Recap for year one: living in a triple with communal bathrooms, taking over common rooms, claiming two different dorms as my own, meeting far too many people to remember, making a handful of friends to hold onto, staying up till 3am on a regular basis to struggle through chemistry, and getting to know two roommates that I am still so blessed to have in my life.
So what about year two?
Well this one has been quite the year and I would start with a comparison to year one, but I don’t know where I would start. If I had to choose one way to put it, here it is: Year one was an academic struggle of figuring out where I stood here at Cal Poly.
Year two has been a personal struggle of trying to figure out who I am amidst everything else; my relationships, passions, involvements, and ideals have all changed more than I thought possible this year. So much so that a lot of the time, I’ve found myself feeling stuck— in my major, in a class routine, in a need to do or be more…

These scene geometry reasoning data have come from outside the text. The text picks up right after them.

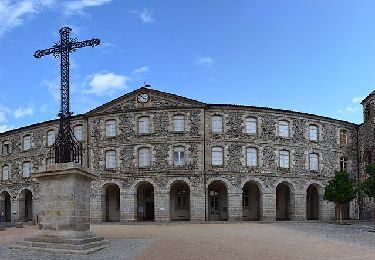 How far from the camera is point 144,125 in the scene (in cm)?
3881

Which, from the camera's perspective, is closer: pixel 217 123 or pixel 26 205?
pixel 217 123

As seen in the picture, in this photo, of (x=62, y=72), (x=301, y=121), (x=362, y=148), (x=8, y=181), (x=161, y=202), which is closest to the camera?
(x=62, y=72)

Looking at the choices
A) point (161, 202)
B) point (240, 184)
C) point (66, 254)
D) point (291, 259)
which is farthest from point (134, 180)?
point (291, 259)

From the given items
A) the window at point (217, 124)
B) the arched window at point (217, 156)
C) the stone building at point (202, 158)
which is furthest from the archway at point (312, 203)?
the window at point (217, 124)

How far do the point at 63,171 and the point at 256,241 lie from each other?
28.4 feet

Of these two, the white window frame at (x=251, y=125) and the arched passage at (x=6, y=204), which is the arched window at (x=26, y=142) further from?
the white window frame at (x=251, y=125)

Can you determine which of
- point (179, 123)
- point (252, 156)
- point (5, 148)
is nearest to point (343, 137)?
point (252, 156)

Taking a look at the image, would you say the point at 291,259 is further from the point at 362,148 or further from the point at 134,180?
the point at 362,148

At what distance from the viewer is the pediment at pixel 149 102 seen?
38.7m

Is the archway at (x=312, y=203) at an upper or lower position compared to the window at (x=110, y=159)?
lower

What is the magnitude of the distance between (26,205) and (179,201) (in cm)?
1801

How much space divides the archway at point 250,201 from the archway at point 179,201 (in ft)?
16.9

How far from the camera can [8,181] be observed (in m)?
46.7

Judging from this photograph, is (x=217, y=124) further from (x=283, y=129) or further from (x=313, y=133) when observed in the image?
(x=313, y=133) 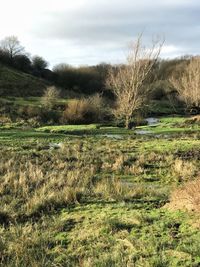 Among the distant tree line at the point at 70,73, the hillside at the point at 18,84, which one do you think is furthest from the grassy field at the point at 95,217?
the distant tree line at the point at 70,73

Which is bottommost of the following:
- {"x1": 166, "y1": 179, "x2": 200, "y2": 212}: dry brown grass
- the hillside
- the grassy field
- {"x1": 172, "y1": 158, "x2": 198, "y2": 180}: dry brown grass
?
{"x1": 172, "y1": 158, "x2": 198, "y2": 180}: dry brown grass

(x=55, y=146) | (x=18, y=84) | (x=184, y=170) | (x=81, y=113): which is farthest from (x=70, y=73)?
(x=184, y=170)

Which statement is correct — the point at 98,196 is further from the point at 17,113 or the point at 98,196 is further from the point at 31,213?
the point at 17,113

It’s called the Sophomore Slump.
I came into college with a lot of expectations, the kind that can really take away from fully enjoying things. They are also quite hard to avoid. But I did my best to push those expectations to the side and coming into this year, I felt more comfortable than year 1 with friendly faces scattered throughout campus. I thought I knew a little more about that I was doing.

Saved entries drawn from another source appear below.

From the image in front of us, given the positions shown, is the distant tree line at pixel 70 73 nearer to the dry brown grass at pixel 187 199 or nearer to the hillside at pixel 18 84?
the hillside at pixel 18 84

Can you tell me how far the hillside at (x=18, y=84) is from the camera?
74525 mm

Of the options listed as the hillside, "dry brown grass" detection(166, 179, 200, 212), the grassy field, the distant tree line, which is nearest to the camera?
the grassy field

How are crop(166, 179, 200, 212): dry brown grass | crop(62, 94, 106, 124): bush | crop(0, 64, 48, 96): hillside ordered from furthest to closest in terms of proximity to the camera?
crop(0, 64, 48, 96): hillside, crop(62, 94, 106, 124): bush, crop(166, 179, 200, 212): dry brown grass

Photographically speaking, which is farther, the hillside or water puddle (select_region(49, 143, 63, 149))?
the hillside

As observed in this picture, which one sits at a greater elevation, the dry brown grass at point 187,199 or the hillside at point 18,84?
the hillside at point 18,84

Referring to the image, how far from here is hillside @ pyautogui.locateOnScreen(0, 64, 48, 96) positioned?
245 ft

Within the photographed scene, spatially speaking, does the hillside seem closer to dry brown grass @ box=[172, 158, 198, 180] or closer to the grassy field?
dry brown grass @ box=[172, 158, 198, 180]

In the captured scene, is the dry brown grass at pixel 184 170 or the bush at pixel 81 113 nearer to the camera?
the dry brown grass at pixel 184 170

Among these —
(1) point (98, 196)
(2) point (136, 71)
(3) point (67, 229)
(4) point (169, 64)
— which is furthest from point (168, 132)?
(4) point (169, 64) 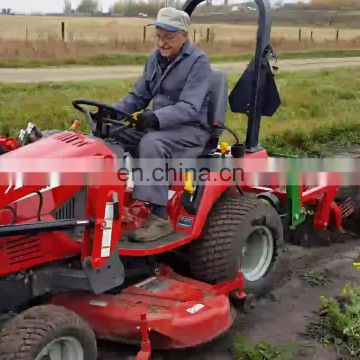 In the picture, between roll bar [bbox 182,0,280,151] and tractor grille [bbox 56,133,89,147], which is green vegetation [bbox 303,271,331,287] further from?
tractor grille [bbox 56,133,89,147]

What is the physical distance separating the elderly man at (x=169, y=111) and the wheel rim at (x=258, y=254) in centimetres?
72

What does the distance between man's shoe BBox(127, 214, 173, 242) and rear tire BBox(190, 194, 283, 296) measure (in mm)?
285

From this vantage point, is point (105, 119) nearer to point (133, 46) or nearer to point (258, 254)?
point (258, 254)

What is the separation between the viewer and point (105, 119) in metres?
3.91

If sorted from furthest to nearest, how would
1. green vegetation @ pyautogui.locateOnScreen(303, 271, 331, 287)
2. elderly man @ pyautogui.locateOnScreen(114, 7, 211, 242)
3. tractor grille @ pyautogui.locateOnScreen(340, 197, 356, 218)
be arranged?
tractor grille @ pyautogui.locateOnScreen(340, 197, 356, 218) → green vegetation @ pyautogui.locateOnScreen(303, 271, 331, 287) → elderly man @ pyautogui.locateOnScreen(114, 7, 211, 242)

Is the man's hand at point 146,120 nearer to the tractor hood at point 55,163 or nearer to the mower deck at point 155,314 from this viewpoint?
the tractor hood at point 55,163

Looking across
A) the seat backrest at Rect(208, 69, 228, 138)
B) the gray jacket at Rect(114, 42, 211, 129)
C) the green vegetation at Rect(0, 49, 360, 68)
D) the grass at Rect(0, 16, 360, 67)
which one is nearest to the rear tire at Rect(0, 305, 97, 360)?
the gray jacket at Rect(114, 42, 211, 129)

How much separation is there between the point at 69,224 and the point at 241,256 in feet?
4.29

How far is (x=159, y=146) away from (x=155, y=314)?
1005mm

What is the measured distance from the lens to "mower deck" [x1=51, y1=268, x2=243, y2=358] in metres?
3.57

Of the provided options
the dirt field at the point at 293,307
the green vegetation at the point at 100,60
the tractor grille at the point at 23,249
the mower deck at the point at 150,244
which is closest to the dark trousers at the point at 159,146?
the mower deck at the point at 150,244

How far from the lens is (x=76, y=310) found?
369cm

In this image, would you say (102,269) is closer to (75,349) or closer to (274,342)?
(75,349)

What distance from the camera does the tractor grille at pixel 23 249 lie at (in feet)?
11.2
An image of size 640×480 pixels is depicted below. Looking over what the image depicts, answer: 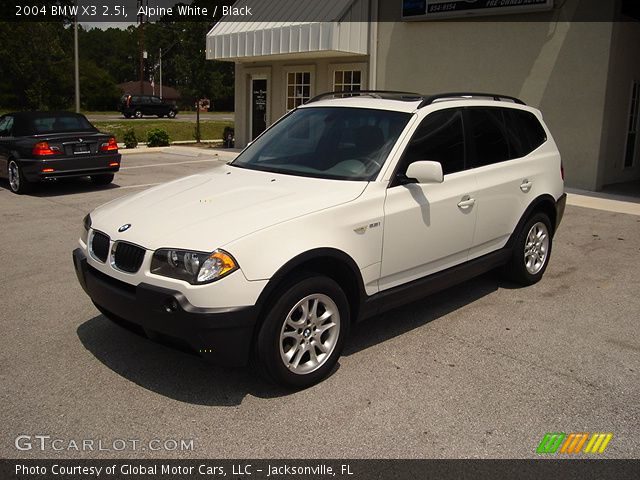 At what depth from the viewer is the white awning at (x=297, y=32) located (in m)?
15.8

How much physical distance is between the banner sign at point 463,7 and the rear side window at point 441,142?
29.8 feet

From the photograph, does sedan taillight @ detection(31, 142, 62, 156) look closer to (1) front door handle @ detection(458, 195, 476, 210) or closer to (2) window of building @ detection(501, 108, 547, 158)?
(2) window of building @ detection(501, 108, 547, 158)

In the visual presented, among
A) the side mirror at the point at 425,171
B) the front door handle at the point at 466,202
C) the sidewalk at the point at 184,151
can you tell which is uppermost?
the side mirror at the point at 425,171

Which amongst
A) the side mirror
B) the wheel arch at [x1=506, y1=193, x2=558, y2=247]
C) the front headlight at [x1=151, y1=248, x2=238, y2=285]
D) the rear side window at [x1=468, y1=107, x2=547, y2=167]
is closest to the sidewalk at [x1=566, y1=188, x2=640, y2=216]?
the wheel arch at [x1=506, y1=193, x2=558, y2=247]

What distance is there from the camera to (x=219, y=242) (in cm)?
363

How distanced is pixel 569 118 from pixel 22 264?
10.6 metres

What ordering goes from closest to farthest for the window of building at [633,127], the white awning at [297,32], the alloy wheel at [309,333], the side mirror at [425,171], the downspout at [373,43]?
1. the alloy wheel at [309,333]
2. the side mirror at [425,171]
3. the window of building at [633,127]
4. the white awning at [297,32]
5. the downspout at [373,43]

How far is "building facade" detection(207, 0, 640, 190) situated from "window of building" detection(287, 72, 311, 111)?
4 centimetres

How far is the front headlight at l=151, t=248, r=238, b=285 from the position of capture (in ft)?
11.7

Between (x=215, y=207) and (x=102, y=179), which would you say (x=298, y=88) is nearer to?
(x=102, y=179)

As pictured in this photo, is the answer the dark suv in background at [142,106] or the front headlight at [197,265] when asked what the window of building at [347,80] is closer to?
the front headlight at [197,265]

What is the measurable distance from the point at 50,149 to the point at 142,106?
121 feet

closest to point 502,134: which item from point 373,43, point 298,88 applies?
point 373,43

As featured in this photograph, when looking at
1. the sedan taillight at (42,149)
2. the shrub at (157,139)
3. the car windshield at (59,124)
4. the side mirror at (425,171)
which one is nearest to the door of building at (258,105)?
the shrub at (157,139) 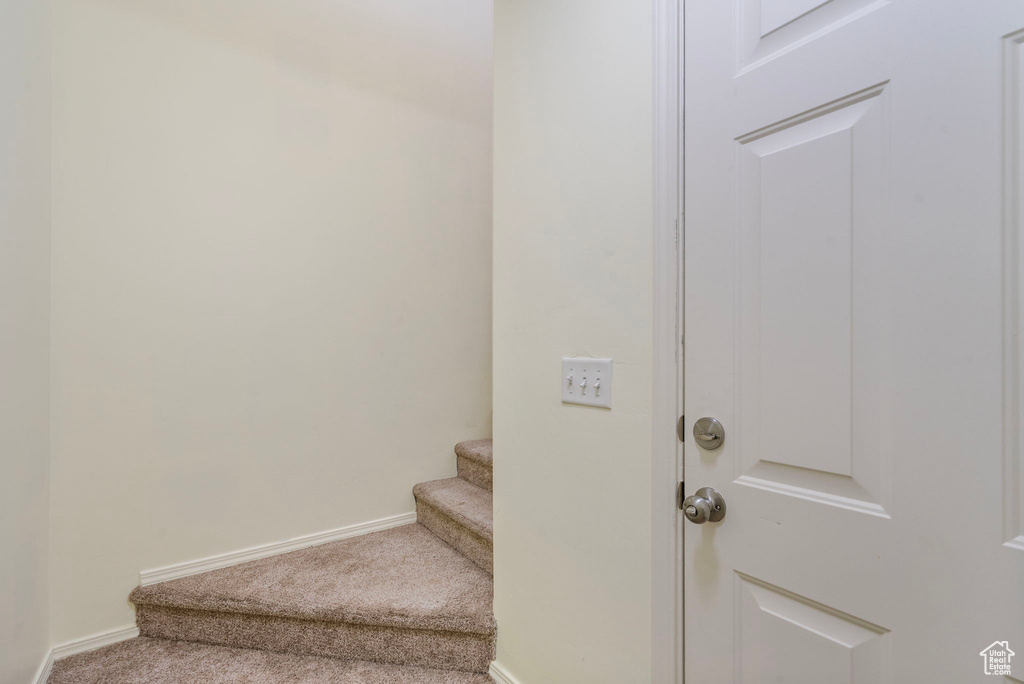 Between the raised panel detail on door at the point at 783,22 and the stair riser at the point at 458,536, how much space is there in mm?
1528

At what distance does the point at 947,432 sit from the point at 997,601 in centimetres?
21

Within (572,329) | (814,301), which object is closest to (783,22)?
(814,301)

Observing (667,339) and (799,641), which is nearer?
(799,641)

Life loves it when we feel that way right?
Because before I knew it, I was running after busses, making a trip home for a memorial, throwing myself into a new club way more outgoing than I have ever been, and retaking a chem class that I shouldn’t have needed to in the first place.
I was off to a good start.
Throughout the year, things got pretty busy with work, a major switch, training to become a CCE WOW (cross-cultural experience, week of welcome) orientation leader, working on my book (sorry, still not done), a few civil rights protests against the blatant racism this campus has seen this quarter, and a bit of the kind of socializing college is actually supposed to hold.
And those are just the big things.
But the goal this year was to become a larger part of the school than I was before and remind myself of why I chose Cal Poly over Howard University. There are a lot of things this year that have made me doubt myself and my choices, my value and place here at this school, but there are a few that have also managed to reaffirm me at the same time.
Among any doubts of worth, I think all anyone needs are a few people who remind us exactly why we belong where we are. Over the past two years, from the dorms to my clubs, I’ve started to build up those relationships here and at the end of it all, I’m hoping year 3 will be an opportunity to make them stronger while finding some new ones along the way.
So Sophomore year, you have been quite the roller coaster that I don’t think I could have ever prepared for. In the last three quarters I’ve lost two friends– two of the most lively people I have ever met– and it’s changed my perspective on a lot of things including my college career and how I live my life. While I’m reminded of my education and why I’m at Cal Poly in the first place, I’m also reminded that we need to live and love while we still have the time.
As Robin Williams quoted, “gather ye rosebuds while ye may.”